Sexual harassment is so common that sometimes you don’t even realize it’s happening to you. Here are 13 things we as women have learned to almost take for granted even though we really shouldn’t.
When someone asks you to get something that involves reaching up or bending over just so they can enjoy the view Yes, this is a thing. Yes, it happens in women’s workplaces. Yes, it may have happened to you. Unfortunately, you probably won’t suspect anything is off unless it happens regularly and in a way that’s blatantly obvious.
Being told by a man that your outfit is too revealing A stranger on the street being “helpful” by telling you your bra is showing or commenting on the length of your skirt is not OK. Sure, women sometimes do stuff like this for another woman as a service. Nobody wants to go around with her panties showing cause she tucked her skirt in wrong. But when a man walks up to you to discuss your undergarments for no apparent reason, not so much.
When a guy sits way too close on public transport despite there being plenty of empty seats further away Nope, probably not an accident. You can tell by the fact that the bus isn’t really crowded, and yet this creeper is definitely crowding you.
Being told to smile on the street Would this guy tell the dude next to you to smile? Does he assume men owe him a smile and a sunny disposition? No? Well, that’s gender-based street harassment right there. Watch his sunny disposition turn to abusive rage when you dare call him out on it. Every. Single. Time.
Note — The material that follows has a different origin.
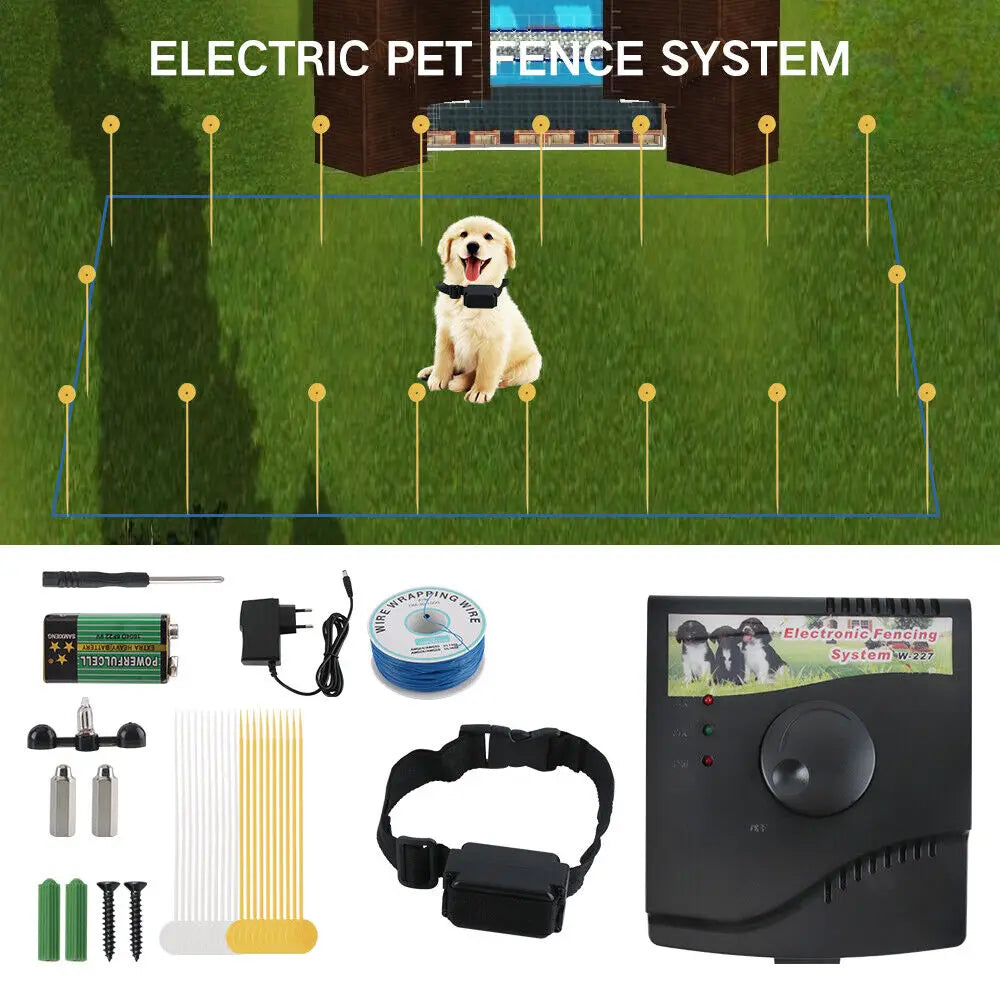 Waterproof Electric Dog Fence System With Containment Shock Collar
When you decide what to wear based on how much hassle you’ll get on the street The sad fact is that men don’t even need to actively harass women anymore for women to have internalized the oppression. Every time you stand by the mirror before going out and wonder whether you have the mental capacity to deal with sleazy men sliming over you if you dress sexily, you’re experiencing sexual harassment.
Getting an unsolicited d*ck pic I mean, this one’s obvious, right? Or is it? Both men and women often seem to think that what happens on the Internet stays on the Internet, especially if you’re on a dating site or app. “But she signed up to a dating site” is the new “she was asking for it”. Unless you did specifically ask for it, this is sexual harassment in its purest form.
Someone at work (or anywhere else) commenting on your body Hello, what? If your boss or a co-worker compliment you on your choice of outfit, that’s nice of them. If they start talking about your body parts, that’s creeper country (not to mention potential lawsuit country). Nobody you work with should find it even remotely acceptable to make personal comments like that. You really don’t want to know what your male boss thinks about your boobs.
Dudes telling sexual “jokes” around you to make you feel uncomfortable Different things make different people laugh. I get it. Sometimes guys just tell the jokes they tell each other and forget there’s a woman in the room who may be offended. I mean, hell, she might not even be offended, right? The fact that these same guys would (likely) not dream of telling a racist joke in the presence of a POC is probably an indication that there is a problem here. Another major red flag is if you’ve clearly expressed that such jokes offend you and are still presented with them, often on purpose because you’ve spoken up. If that’s the case then yeah, this is totally harassment.
That extra long, unwanted hug People are so keen to give out free hugs even if you don’t want them. Strangers will leap out at you at parties, festivals and God knows where else to force a supposedly human connection on you. Even guys you know may hold a hug for far too long and stand far too close. Most of us just let those things slide because, you know, on the grand scale of things, it’s pretty far from actual rape. It’s still very much non-consensual touch, though.
Guys initiating inappropriate conversations about sex This is especially true in work situations, when asking you about your sex life or bringing up sex as a topic of conversation is really not appropriate for a boss or co-worker to do. Of course, this isn’t limited to work interactions, but the lines blur when it comes to friends and acquaintances. On the other hand, strangers, taxi drivers, builders and a whole other people you have no sexual relationship with are really not the right people to bring up your sex life (or theirs) in conversation.
Catcalling Yeah, street harassment based on gender is sexual harassment. The fact that we’re so used to it doesn’t mean it’s not a thing.
A guy coercing you into giving him your number/agreeing to a date despite your previous refusals Pressuring a woman (or anyone, really) into what is deemed a romantic or potentially romantic engagement when they’ve said they are not interested is harassment. All those pickup artist tricks to get you to give out your phone number even though you didn’t want to? Yup, harassment. This is another one that is incredibly common. It’s also comparatively harmless so many women don’t even register it. Maybe you will once you start seeing it as what it really is—a consent violation.